Uma resposta em “O combate ao modernismo hoje”
Eu acho importante incutirmos nos nossos filhos e amigos a ideia de que a fé não é uma muleta. O grande problema das pessoas hoje é que usam a fé como muleta, e os que compreendem isso, mas não têm uma ideia mais sublime do que seja a fé, tornam-se céticos. A verdadeira fé – um ato intelectual de confiança na palavra de alguém, seja ele Deus ou homem – exige a adesão, inclusive, àquelas coisas que estranhamos, que não gostamos, que nos fazem mal até pensar. Mas isto é a fé: é conhecer a verdade, por mais que ela nos aflija. Se eu adiro a uma religião de que eu simplesmente gosto e me sinto bem, é melhor perder o meu tempo jogando cartas, lendo um bom livro ou fazendo alguma coisa mais agradável, porque eu estou apenas a fim de curar minhas feridas, de encontrar alguma atividade que me faça bem, e não de saber a verdade.

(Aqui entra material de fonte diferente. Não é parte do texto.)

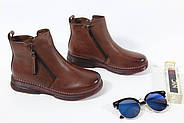 Черевики жіночі MeegoComfort  226160-1-BROWN коричневі на низькому ходу 36, фото 6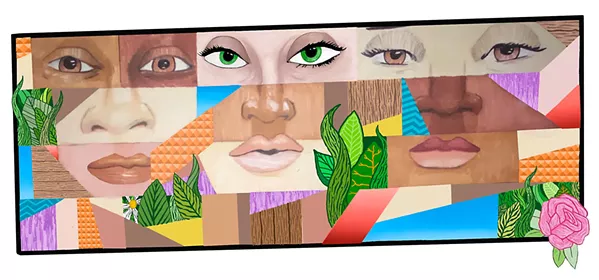 WE ARE EVERYDAY PEOPLE Inspired by Sly & The Family Stone's 1969 song, "Everyday People," Irineo Medina's mural concept is meant to "uplift marginalized groups in my community," he said. - COURTESY IMAGE BY IRINEO MEDINA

A verdade, por sua vez, não pode ser aquilo que eu, uma pessoa dentre as muitíssimas que passaram por este mundo, gostaria que fosse, mas é algo objetivo, anterior a mim, que pode estar totalmente contra as minhas expectativas, mas, mesmo assim, eu amo, porque a verdade é o ser, e nós como parte dela, nos inclinamos a ela.